-- How to complete this task --
Within the data below, how many lines contain "AVON"? Reply with the number only.

*** Records for processing ***

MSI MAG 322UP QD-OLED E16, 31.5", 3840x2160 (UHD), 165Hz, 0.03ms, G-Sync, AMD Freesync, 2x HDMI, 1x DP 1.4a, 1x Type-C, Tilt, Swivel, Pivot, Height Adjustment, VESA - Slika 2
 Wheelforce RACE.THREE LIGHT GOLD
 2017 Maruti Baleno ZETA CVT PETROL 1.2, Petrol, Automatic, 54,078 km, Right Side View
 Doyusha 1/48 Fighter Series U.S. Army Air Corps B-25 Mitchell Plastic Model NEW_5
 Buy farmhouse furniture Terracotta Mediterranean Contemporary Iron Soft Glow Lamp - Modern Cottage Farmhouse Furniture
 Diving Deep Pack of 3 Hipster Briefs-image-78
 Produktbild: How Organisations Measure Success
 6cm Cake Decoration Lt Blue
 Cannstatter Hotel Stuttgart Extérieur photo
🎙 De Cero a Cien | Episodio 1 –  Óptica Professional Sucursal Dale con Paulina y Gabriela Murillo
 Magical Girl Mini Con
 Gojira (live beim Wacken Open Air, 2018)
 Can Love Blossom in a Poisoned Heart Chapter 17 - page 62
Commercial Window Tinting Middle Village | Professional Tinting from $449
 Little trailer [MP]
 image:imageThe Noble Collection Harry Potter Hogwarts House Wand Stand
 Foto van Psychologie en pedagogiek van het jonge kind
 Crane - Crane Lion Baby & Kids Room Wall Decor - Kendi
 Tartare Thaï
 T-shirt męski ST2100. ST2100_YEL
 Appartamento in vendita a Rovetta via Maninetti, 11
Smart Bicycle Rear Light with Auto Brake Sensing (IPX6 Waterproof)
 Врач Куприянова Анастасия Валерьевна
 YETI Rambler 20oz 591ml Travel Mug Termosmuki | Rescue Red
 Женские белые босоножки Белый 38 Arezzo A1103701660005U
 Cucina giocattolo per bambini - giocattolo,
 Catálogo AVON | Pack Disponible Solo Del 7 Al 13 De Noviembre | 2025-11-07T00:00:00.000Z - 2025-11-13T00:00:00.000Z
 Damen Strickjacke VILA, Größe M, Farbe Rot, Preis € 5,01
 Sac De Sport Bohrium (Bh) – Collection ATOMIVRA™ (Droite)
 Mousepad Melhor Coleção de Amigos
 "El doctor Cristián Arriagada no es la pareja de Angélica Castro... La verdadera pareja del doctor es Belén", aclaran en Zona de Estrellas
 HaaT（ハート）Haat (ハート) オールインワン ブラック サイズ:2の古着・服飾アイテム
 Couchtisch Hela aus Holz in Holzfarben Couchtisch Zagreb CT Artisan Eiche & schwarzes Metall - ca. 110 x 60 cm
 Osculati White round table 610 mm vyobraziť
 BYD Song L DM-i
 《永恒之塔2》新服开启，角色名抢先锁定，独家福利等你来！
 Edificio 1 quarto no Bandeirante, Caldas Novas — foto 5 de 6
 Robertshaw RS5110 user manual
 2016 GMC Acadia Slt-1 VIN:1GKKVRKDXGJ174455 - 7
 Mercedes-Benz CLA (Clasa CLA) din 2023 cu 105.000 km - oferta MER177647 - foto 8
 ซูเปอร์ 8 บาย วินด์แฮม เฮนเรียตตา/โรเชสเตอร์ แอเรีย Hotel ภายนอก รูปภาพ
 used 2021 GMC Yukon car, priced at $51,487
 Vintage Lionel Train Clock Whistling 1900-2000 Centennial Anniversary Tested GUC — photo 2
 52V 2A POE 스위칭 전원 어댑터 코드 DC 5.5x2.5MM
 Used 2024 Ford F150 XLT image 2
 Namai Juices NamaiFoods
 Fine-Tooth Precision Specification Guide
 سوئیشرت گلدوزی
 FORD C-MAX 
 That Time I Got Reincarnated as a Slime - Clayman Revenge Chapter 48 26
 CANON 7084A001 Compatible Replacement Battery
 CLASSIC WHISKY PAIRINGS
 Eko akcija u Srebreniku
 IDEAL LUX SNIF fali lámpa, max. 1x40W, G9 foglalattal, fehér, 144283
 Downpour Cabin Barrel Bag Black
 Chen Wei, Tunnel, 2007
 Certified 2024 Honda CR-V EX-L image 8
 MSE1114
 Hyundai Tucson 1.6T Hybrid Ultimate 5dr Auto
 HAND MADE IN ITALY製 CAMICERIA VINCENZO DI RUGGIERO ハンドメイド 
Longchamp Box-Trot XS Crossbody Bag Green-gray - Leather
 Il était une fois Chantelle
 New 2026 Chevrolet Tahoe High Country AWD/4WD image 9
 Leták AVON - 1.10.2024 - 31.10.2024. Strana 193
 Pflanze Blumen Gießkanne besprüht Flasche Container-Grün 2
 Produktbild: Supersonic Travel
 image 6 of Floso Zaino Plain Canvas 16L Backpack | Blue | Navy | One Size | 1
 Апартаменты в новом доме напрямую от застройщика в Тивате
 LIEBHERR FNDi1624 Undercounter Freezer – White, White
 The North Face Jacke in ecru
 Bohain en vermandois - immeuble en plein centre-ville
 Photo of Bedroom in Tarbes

***

-- Exercise response --
2